Excluding pictures, transcribe precisely the lines from the one containing "White luxury convertible" to the final line of the listing below, inclusive, and nothing more.

....

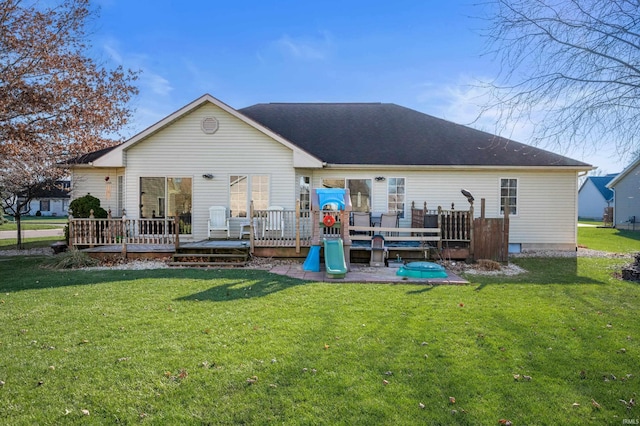 rear view of house featuring a wooden deck and a yard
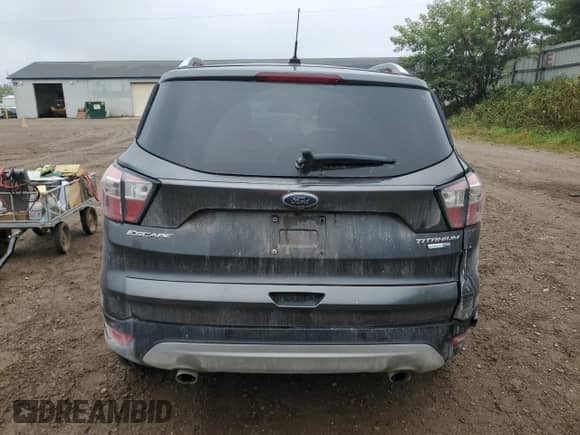 2017 Ford Escape Titanium с VIN 1FMCU9J91HUE33524, выставлен на аукционе Copart как лот 81630775 с пробегом 153 271 миль миль и Чистый • Clean title. История ставок и продаж доступна на DreamBid. Изображение 6.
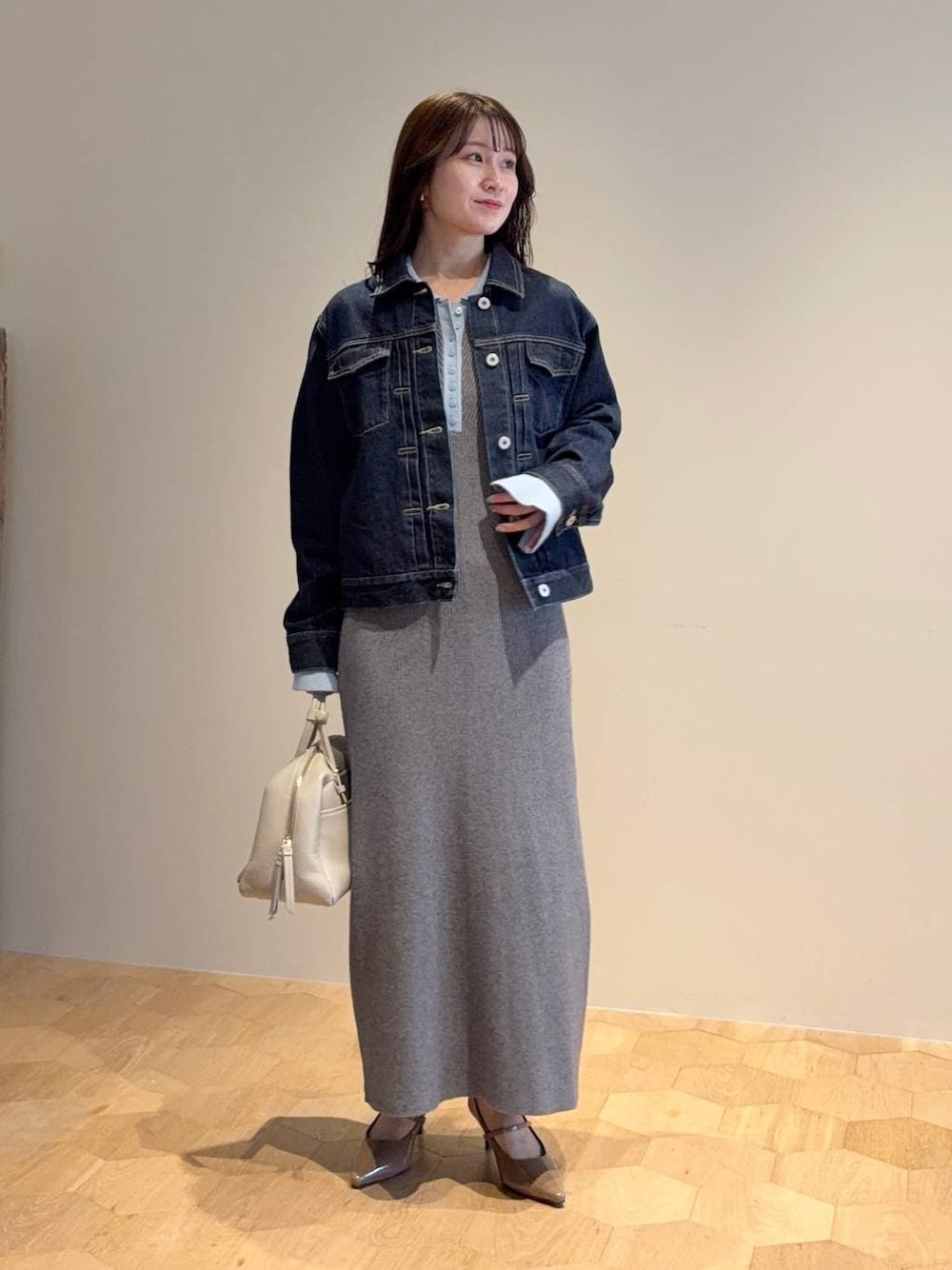 ベージュ系のハンドバッグ、グレー系のワンピース、ブルー系のデニムジャケットを着用したレディースの春コーディネートの1枚目の写真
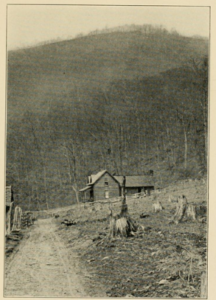 Black & white photo of road running past a house below the knob
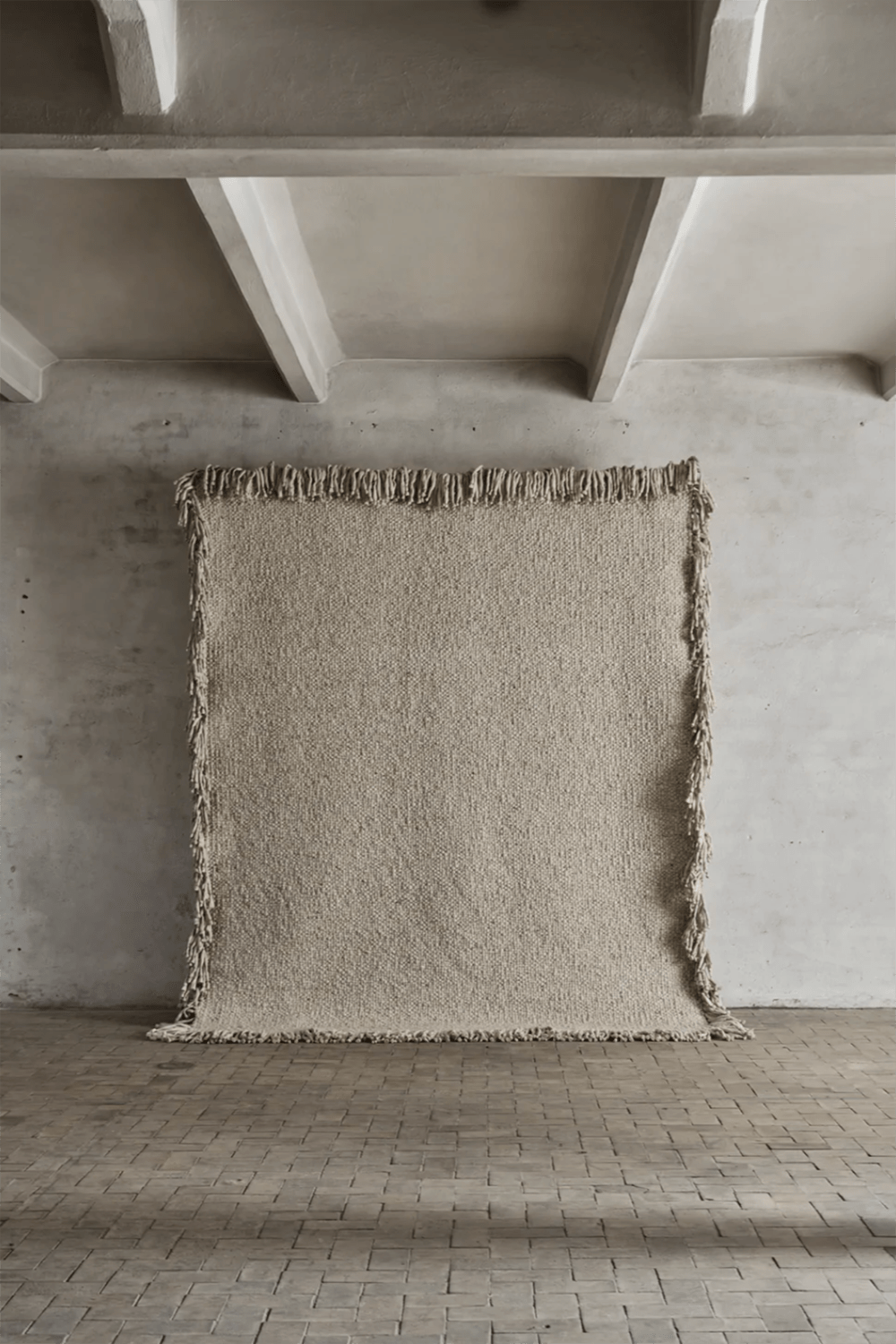 Cappelen Dimyr Handwoven Rug No.12 - big neutral rug hanging on wall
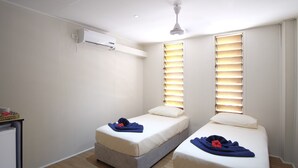 Una habitación con dos camas individuales, ventilador de techo, aire acondicionado y una pequeña mesa con una cesta.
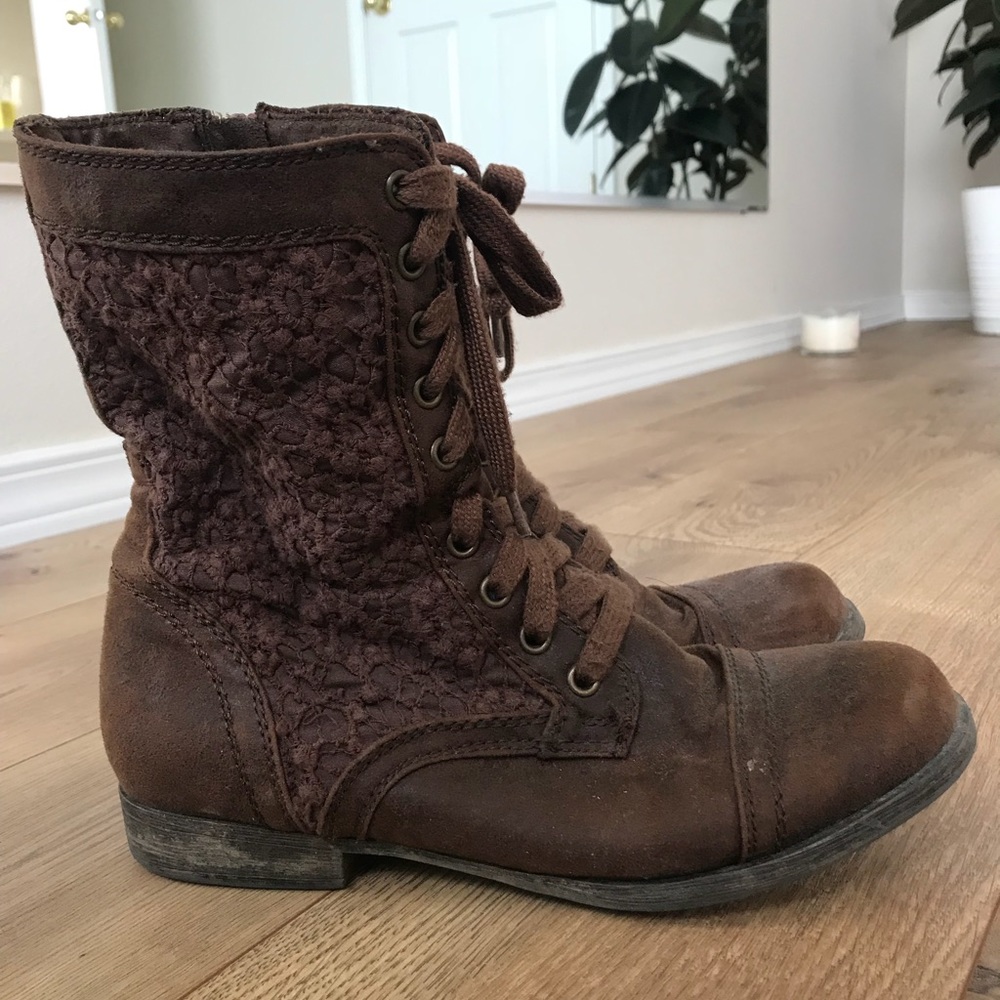 Lace up boots with zippers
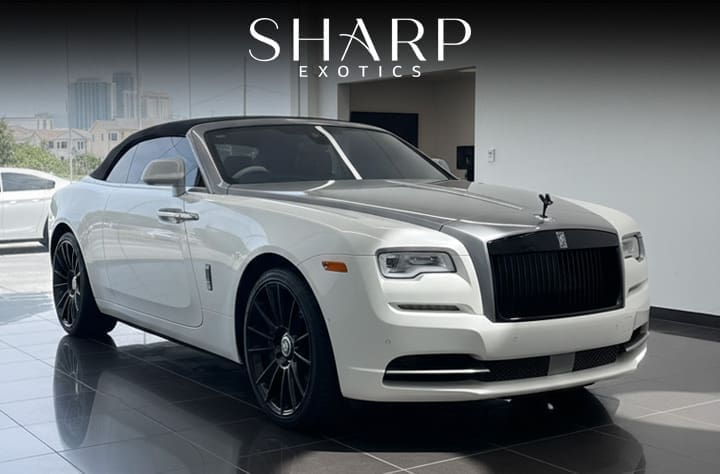 White luxury convertible car with black grille and wheels, displayed indoors under "Sharp Exotics" branding.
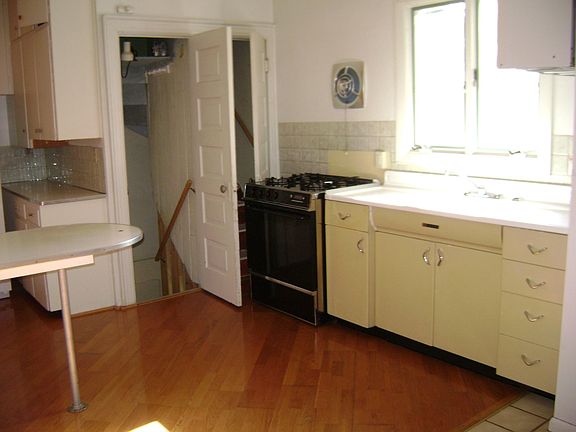Kitchen with stove and sink, doors to basement and attic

....

- **TASK RESPONSE**
 White luxury convertible car with black grille and wheels, displayed indoors under "Sharp Exotics" branding.
Kitchen with stove and sink, doors to basement and attic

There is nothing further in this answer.